Pero imagínense, queridos lectores, que en el
mencionado colegio todo lo que había era vetusto, arcaico y como sobrevenido de
un tiempo añejo. Por ello no se extrañen si les refiero que llegado el día en
que encaminamos los pasos en fila india hasta el Colegio Público Cervantes para
tomar posesión de los nuevos dominios todo lo que encontramos a nuestro
alrededor era como de cuento de hadas. Pupitres nuevos, pizarras de un verdor
que deslumbraba y hasta calefacción central, que habría de hacernos olvidar, de
una vez y por siempre, la estufa recalentada de butano que tan solo calentaba
la punta de los pies de Don Eugenio. Hasta gimnasio había, con potro, caballo,
plinto y espalderas, que me hicieron temblar por el solo hecho de pensar que
hubiera de saltar tan infaustos aparatos a los que de por vida tuve
inquina. Más si algo hubo, y es a lo que me refería al principio del escrito,
que deslumbró mis sentidos de aquel tiempo fueron los aseos, lavabos, wáteres o
como le quieran llamar, que nada tenían que ver con los apestosos retretes que
habíamos soportado durante toda nuestra vida escolar y que en la anterior
escuela mencionada eran comunales con lo que convertidos en impracticables
quedaban al rato de haber empezado a usarse.
Pertenezco a la primera generación de escolares
que hicieron el cambio del antiguo bachillerato a la Enseñanza General Básica
por lo que también soy de los primeros que entraron por la puerta del
Cervantes, hasta entonces ocupado por los bachilleres ,y he de decir que el
recuerdo conservado de aquellos días permanece cada vez que traspaso la puerta
del Colegio, porque en el fondo todo sigue inalterable y casi de la misma
manera, con lo que la experiencia es grata porque significa perder años y
volver, como en una máquina del tiempo, a la época de la infancia, esa que tendemos
a ver en color aunque a veces fuese en blanco y negro. A las horas del recreo,
entonces no existía pista polideportiva ni patios adecuados para los juegos,
salíamos como impulsados por cohetes en el culo hasta las cercanas eras, hoy
ocupadas por instalaciones dedicadas a la práctica del deporte, donde a
pedradas nos abríamos la cabeza o nos quebrábamos los huesos.

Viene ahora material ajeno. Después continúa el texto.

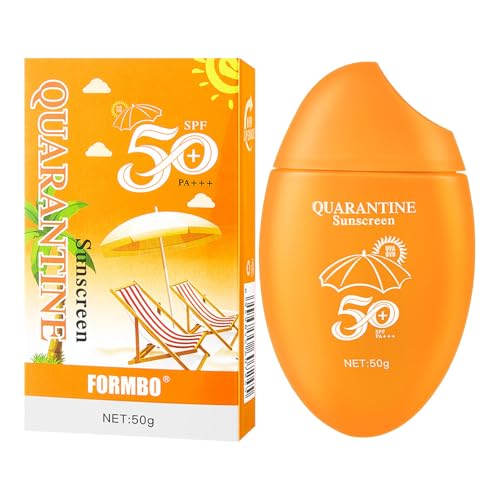 Travel Size Sunscreen SPF 50 Lightweight Non-Greasy Fast-Absorbing suntan Lotion Water Resistant Sunblock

Dice el rico refranero que es de bien
nacidos el ser agradecidos y es por ello que mi gratitud habrá de extenderse
hasta recordar el nombre de María Teresa Martín, que me alentó, y mucho, en el
asunto de la escritura, Josefa Hellín de Vivar, que capaz fue de enseñarme lo
que aún comprendo del francés, Francisco de Gracia, que me inculcó el amor por
los libros y las letras, Antonio Ruiz, que pugnó y consiguió que las
matemáticas incubaran por un tiempo en un cerebro poco predispuesto a las
formulas y los números, y ante todo y sobre todo, mi eterno agradecimiento a
Eugenio Laguna Saavedra, que me hizo comprender que el viejo dicho tan en boga
en aquellos años de que “las letras con sangre entran”, era cuestión de
acémilas y gentes de baja estopa. Jamás le vi, fuera de los usuales capones que
necesarios eran para dar conocimiento a ciertas cabezas llenas de paja, usar la
fuerza en el ejercicio de su noble oficio y eso a un servidor, que había
sufrido en sus carnes métodos más expeditivos en las primeras andanzas
colegiales de triste recuerdo, le vino a resultar como maná caído del cielo.
Ahora, una vez que mi vástago primogénito y su
hermana partieron para otros lugares, solo me queda pensar que habrá de llegar
el día, me da que habré de tener mal pelo, en que vuelva a traspasar la puerta
del colegio cogiendo la mano de los nietos. Mientras llega ese momento, si es
que le da por venir, andaré por sus añejos pasillos cada vez que elecciones se
celebren y no duden, sufridos lectores, que el viento del recuerdo habrá de
volver a anidar en mí ser como una llama.